Give back the full material exactly. Omit no line.

━━━━━━━━━━

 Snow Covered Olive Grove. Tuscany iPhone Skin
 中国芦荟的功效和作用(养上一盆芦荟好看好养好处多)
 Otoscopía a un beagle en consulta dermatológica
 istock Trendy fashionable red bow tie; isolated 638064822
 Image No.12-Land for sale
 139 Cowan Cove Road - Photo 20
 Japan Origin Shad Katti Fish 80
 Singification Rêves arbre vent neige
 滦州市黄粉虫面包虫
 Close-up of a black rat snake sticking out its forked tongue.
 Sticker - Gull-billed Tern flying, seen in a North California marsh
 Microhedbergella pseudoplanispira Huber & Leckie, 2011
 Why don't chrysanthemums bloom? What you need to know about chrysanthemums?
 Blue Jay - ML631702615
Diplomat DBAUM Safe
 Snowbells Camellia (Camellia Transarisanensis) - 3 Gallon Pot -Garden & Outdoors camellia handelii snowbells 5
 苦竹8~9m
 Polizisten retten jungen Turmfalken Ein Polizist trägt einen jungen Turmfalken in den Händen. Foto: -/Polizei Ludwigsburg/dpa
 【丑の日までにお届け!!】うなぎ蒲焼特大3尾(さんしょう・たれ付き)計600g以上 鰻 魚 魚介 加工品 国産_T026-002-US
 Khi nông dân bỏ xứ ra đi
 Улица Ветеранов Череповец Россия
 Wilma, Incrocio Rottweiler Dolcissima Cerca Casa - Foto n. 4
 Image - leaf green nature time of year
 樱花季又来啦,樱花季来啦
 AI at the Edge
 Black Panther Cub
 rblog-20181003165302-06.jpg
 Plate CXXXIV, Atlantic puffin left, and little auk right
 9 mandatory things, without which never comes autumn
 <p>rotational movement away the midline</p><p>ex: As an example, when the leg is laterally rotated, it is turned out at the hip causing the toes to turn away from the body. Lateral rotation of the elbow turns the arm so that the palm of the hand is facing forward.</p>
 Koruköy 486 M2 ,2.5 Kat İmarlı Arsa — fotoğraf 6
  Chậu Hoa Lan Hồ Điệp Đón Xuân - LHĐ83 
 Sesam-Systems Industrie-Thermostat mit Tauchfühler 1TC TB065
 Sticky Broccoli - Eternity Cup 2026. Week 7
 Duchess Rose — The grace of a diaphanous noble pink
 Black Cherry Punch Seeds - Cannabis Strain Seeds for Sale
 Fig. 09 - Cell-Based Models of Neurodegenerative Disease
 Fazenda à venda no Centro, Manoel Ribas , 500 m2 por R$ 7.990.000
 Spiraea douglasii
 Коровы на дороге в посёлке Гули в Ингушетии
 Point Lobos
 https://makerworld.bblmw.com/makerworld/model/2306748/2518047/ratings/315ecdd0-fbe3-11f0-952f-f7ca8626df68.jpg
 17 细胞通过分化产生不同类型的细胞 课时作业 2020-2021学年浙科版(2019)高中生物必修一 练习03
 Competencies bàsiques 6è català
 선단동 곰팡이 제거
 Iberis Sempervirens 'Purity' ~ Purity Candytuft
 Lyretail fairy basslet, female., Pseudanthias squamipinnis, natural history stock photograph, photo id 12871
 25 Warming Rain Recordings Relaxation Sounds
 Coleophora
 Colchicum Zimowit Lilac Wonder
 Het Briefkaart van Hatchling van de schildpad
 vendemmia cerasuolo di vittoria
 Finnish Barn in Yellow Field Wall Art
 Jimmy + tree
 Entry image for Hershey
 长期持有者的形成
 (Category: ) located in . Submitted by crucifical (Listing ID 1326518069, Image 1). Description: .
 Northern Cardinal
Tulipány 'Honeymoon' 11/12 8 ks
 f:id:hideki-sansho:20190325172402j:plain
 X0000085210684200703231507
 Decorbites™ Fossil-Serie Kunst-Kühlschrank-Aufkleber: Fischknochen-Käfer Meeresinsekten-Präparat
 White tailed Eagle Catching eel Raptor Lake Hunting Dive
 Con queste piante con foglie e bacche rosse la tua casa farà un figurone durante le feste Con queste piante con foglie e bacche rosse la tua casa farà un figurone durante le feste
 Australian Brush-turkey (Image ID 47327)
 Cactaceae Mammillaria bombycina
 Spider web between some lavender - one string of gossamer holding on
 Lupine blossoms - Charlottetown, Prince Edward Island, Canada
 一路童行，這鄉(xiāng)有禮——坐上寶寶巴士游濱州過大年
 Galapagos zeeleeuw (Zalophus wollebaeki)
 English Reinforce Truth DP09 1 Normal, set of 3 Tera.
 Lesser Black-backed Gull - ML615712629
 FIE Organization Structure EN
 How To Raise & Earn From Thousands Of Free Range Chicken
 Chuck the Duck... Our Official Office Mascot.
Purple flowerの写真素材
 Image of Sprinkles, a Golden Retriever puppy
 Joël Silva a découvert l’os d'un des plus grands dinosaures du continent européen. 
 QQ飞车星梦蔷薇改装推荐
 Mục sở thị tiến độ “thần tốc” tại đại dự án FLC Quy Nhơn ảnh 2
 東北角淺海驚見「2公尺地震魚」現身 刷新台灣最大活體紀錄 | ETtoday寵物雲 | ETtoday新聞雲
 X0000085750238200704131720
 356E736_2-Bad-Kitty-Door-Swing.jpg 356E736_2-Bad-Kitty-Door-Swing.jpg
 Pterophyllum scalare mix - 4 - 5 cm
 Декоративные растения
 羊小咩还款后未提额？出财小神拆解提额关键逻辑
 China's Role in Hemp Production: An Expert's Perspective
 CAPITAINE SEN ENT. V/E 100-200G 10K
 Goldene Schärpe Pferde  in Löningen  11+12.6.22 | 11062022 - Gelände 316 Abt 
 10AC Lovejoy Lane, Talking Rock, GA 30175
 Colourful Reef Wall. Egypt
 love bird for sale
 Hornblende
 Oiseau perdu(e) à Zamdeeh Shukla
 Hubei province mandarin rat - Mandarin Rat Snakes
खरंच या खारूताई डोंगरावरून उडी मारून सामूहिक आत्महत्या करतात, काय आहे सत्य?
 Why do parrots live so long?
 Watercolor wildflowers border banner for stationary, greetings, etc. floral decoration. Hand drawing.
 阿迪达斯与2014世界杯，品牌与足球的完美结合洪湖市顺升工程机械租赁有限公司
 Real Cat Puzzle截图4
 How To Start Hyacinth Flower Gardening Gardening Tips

━━━━━━━━━━

▶ _EXERCISE RESULT_
 Snow Covered Olive Grove. Tuscany iPhone Skin
 中国芦荟的功效和作用(养上一盆芦荟好看好养好处多)
 Otoscopía a un beagle en consulta dermatológica
 istock Trendy fashionable red bow tie; isolated 638064822
 Image No.12-Land for sale
 139 Cowan Cove Road - Photo 20
 Japan Origin Shad Katti Fish 80
 Singification Rêves arbre vent neige
 滦州市黄粉虫面包虫
 Close-up of a black rat snake sticking out its forked tongue.
 Sticker - Gull-billed Tern flying, seen in a North California marsh
 Microhedbergella pseudoplanispira Huber & Leckie, 2011
 Why don't chrysanthemums bloom? What you need to know about chrysanthemums?
 Blue Jay - ML631702615
Diplomat DBAUM Safe
 Snowbells Camellia (Camellia Transarisanensis) - 3 Gallon Pot -Garden & Outdoors camellia handelii snowbells 5
 苦竹8~9m
 Polizisten retten jungen Turmfalken Ein Polizist trägt einen jungen Turmfalken in den Händen. Foto: -/Polizei Ludwigsburg/dpa
 【丑の日までにお届け!!】うなぎ蒲焼特大3尾(さんしょう・たれ付き)計600g以上 鰻 魚 魚介 加工品 国産_T026-002-US
 Khi nông dân bỏ xứ ra đi
 Улица Ветеранов Череповец Россия
 Wilma, Incrocio Rottweiler Dolcissima Cerca Casa - Foto n. 4
 Image - leaf green nature time of year
 樱花季又来啦,樱花季来啦
 AI at the Edge
 Black Panther Cub
 rblog-20181003165302-06.jpg
 Plate CXXXIV, Atlantic puffin left, and little auk right
 9 mandatory things, without which never comes autumn
 <p>rotational movement away the midline</p><p>ex: As an example, when the leg is laterally rotated, it is turned out at the hip causing the toes to turn away from the body. Lateral rotation of the elbow turns the arm so that the palm of the hand is facing forward.</p>
 Koruköy 486 M2 ,2.5 Kat İmarlı Arsa — fotoğraf 6
  Chậu Hoa Lan Hồ Điệp Đón Xuân - LHĐ83 
 Sesam-Systems Industrie-Thermostat mit Tauchfühler 1TC TB065
 Sticky Broccoli - Eternity Cup 2026. Week 7
 Duchess Rose — The grace of a diaphanous noble pink
 Black Cherry Punch Seeds - Cannabis Strain Seeds for Sale
 Fig. 09 - Cell-Based Models of Neurodegenerative Disease
 Fazenda à venda no Centro, Manoel Ribas , 500 m2 por R$ 7.990.000
 Spiraea douglasii
 Коровы на дороге в посёлке Гули в Ингушетии
 Point Lobos
 https://makerworld.bblmw.com/makerworld/model/2306748/2518047/ratings/315ecdd0-fbe3-11f0-952f-f7ca8626df68.jpg
 17 细胞通过分化产生不同类型的细胞 课时作业 2020-2021学年浙科版(2019)高中生物必修一 练习03
 Competencies bàsiques 6è català
 선단동 곰팡이 제거
 Iberis Sempervirens 'Purity' ~ Purity Candytuft
 Lyretail fairy basslet, female., Pseudanthias squamipinnis, natural history stock photograph, photo id 12871
 25 Warming Rain Recordings Relaxation Sounds
 Coleophora
 Colchicum Zimowit Lilac Wonder
 Het Briefkaart van Hatchling van de schildpad
 vendemmia cerasuolo di vittoria
 Finnish Barn in Yellow Field Wall Art
 Jimmy + tree
 Entry image for Hershey
 长期持有者的形成
 (Category: ) located in . Submitted by crucifical (Listing ID 1326518069, Image 1). Description: .
 Northern Cardinal
Tulipány 'Honeymoon' 11/12 8 ks
 f:id:hideki-sansho:20190325172402j:plain
 X0000085210684200703231507
 Decorbites™ Fossil-Serie Kunst-Kühlschrank-Aufkleber: Fischknochen-Käfer Meeresinsekten-Präparat
 White tailed Eagle Catching eel Raptor Lake Hunting Dive
 Con queste piante con foglie e bacche rosse la tua casa farà un figurone durante le feste Con queste piante con foglie e bacche rosse la tua casa farà un figurone durante le feste
 Australian Brush-turkey (Image ID 47327)
 Cactaceae Mammillaria bombycina
 Spider web between some lavender - one string of gossamer holding on
 Lupine blossoms - Charlottetown, Prince Edward Island, Canada
 一路童行，這鄉(xiāng)有禮——坐上寶寶巴士游濱州過大年
 Galapagos zeeleeuw (Zalophus wollebaeki)
 English Reinforce Truth DP09 1 Normal, set of 3 Tera.
 Lesser Black-backed Gull - ML615712629
 FIE Organization Structure EN
 How To Raise & Earn From Thousands Of Free Range Chicken
 Chuck the Duck... Our Official Office Mascot.
Purple flowerの写真素材
 Image of Sprinkles, a Golden Retriever puppy
 Joël Silva a découvert l’os d'un des plus grands dinosaures du continent européen. 
 QQ飞车星梦蔷薇改装推荐
 Mục sở thị tiến độ “thần tốc” tại đại dự án FLC Quy Nhơn ảnh 2
 東北角淺海驚見「2公尺地震魚」現身 刷新台灣最大活體紀錄 | ETtoday寵物雲 | ETtoday新聞雲
 X0000085750238200704131720
 356E736_2-Bad-Kitty-Door-Swing.jpg 356E736_2-Bad-Kitty-Door-Swing.jpg
 Pterophyllum scalare mix - 4 - 5 cm
 Декоративные растения
 羊小咩还款后未提额？出财小神拆解提额关键逻辑
 China's Role in Hemp Production: An Expert's Perspective
 CAPITAINE SEN ENT. V/E 100-200G 10K
 Goldene Schärpe Pferde  in Löningen  11+12.6.22 | 11062022 - Gelände 316 Abt 
 10AC Lovejoy Lane, Talking Rock, GA 30175
 Colourful Reef Wall. Egypt
 love bird for sale
 Hornblende
 Oiseau perdu(e) à Zamdeeh Shukla
 Hubei province mandarin rat - Mandarin Rat Snakes
खरंच या खारूताई डोंगरावरून उडी मारून सामूहिक आत्महत्या करतात, काय आहे सत्य?
 Why do parrots live so long?
 Watercolor wildflowers border banner for stationary, greetings, etc. floral decoration. Hand drawing.
 阿迪达斯与2014世界杯，品牌与足球的完美结合洪湖市顺升工程机械租赁有限公司
 Real Cat Puzzle截图4
 How To Start Hyacinth Flower Gardening Gardening Tips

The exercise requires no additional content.